= Data supplied =
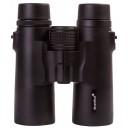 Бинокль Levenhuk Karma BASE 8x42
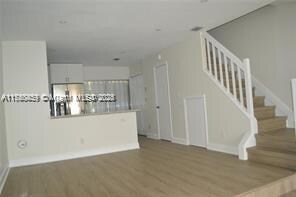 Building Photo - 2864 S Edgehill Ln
---
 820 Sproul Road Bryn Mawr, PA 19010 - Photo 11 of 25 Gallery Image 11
* * *
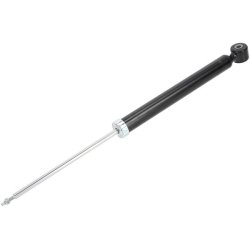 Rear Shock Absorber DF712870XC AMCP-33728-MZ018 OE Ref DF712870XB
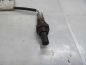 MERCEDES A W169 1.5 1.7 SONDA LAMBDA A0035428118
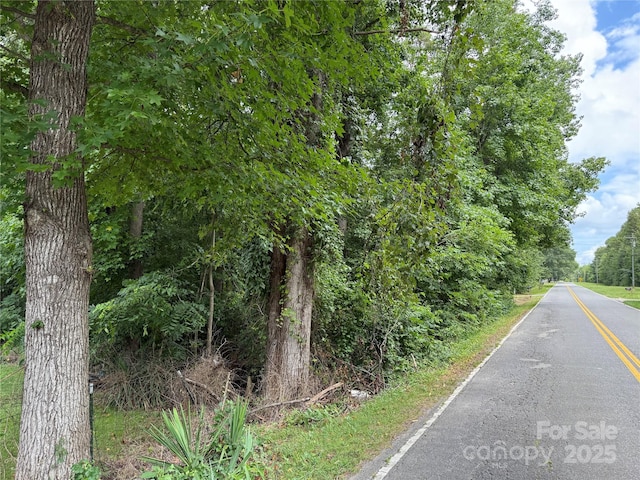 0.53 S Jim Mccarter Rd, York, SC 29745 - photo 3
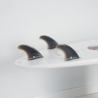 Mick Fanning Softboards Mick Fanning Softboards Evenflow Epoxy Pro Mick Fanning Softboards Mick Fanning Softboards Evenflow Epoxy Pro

= Activity =
Pictures aside, return exactly the lines from the data above, starting at the line that has "Rear Shock Absorber" and ending at the line that has "Epoxy Pro Mick", both included.

= Problem solution =
 Rear Shock Absorber DF712870XC AMCP-33728-MZ018 OE Ref DF712870XB
 MERCEDES A W169 1.5 1.7 SONDA LAMBDA A0035428118
 0.53 S Jim Mccarter Rd, York, SC 29745 - photo 3
 Mick Fanning Softboards Mick Fanning Softboards Evenflow Epoxy Pro Mick Fanning Softboards Mick Fanning Softboards Evenflow Epoxy Pro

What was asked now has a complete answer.